それによってヘルタースケルター達は撃ち砕かれていく。が、
「むっ! やばい、気付かれたぞ!!」
「うぇぇ……!! このタイミングで!?」
「面倒ね……私の美声で魅了して上げるわ……!!」
「無理を言うでないわ!! この状況で逃げられると思うてか!!」
「えぇ、貴女がいるし」
「最悪瞬間強化にガンド、全体強化、霊子向上に緊急回避で瞬間攻撃力で怯ませて瞬間回避で全力逃走だよ!!」
「ちょいまてい。今の奴、何度魔術礼装を変えた!?」
「3回かな!!」
「高速換装とか、無茶を……」
「それくらいしないと、死にそうだし!!」
「うむ。それくらいの心意気じゃな!!」
そう言って、三人は再度突撃して突破口を作るのだった。
* * *
『……かれこれ5時間。時間が過ぎるのは早いねぇ』
「むぅ……後少しで終わるのか……」
「早いものねぇ……」
「でも、ここからが本番だね!!」
『最後の最後で逆転、なんてね』
「あはは……それは、かなりつらいですね……」
「私は先輩を信じてますから」
「センパイが、勝てると確信した瞬間にやられるっていうのが理想ですね」
「BBさん。今、自分で自分の首を絞めてるって知ってます?」
「嫌ですねぇマシュさん! そんな首を絞めるような事言ってるわけないじゃないですかぁ!」
「あはは。覚悟してくださいね?」
「…………」
『うん。雲行きが怪しくなってきたね。誰だい? BBとマシュを隣に座らせたのは』
珍しくエルキドゥが突っ込みを入れるが、全員が目を逸らすので諦めるのだった。
『そろそろ終盤だね。さぁ、見に行こうか』
「ラストスパートね! 頑張りなさい!」
「ここで負けるとか、さすがの余も頬が引きつるぞ」
その言葉と共に、エルキドゥは付近の敵を倒していくのだった。
* * *
「これ……逃げ切れるかのぅ……」
「もう、普通に倒せばいいじゃない」
「いや、あくまでも逃げるのが目的だし……」
ヘシアン・ロボを前に、三人は戦慄する。
逃げ切る事が問題なのではなく、周囲を囲んでいるモンスターが問題だったりする。
「よし。魔術礼装のリキャストが辛いけど、全力で逃げるよ!!」
「魅了で悩殺。
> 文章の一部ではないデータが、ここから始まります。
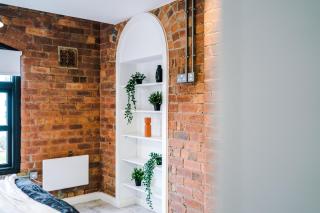 2 King Size Beds in Manhattan styled Oversize Apartment - Leeds - 9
ノッブで周囲の壁突破よね!!」
「任せよ!! って事で、NPチャージしたいんじゃが!」
「……霊子譲渡死んでるけどね」
「……これは終わったのぅ」
完全に、壁に追い詰められているようなものだった。
こういう時は、本当に仕切り直しのスキルが欲しいと思ったオオガミ達だった。
「……よし、最終局面じゃ!! 行こうじゃないか!!!」
「えぇ、止め刺してあげるわ!!」
「完全に耐久する気満々だよね!! まったく構わないけど!!」
そう言って、三人は逃げ切るためにヘシアン・ロボに立ち向かうのだった。
数分後、ロンドンから帰還した三人は、しばらく地に伏せて動けなかったという。
うぅむ……難しい。鬼ごっこ系って、結構書きづらいんですね……何だかんだ、観戦側が本編と化してません?
結果はあれです。逃げ切れたかどうかは、あなた次第。というやつですね。とりあえずBBはその後どうなったのか……誰も知らないのだった。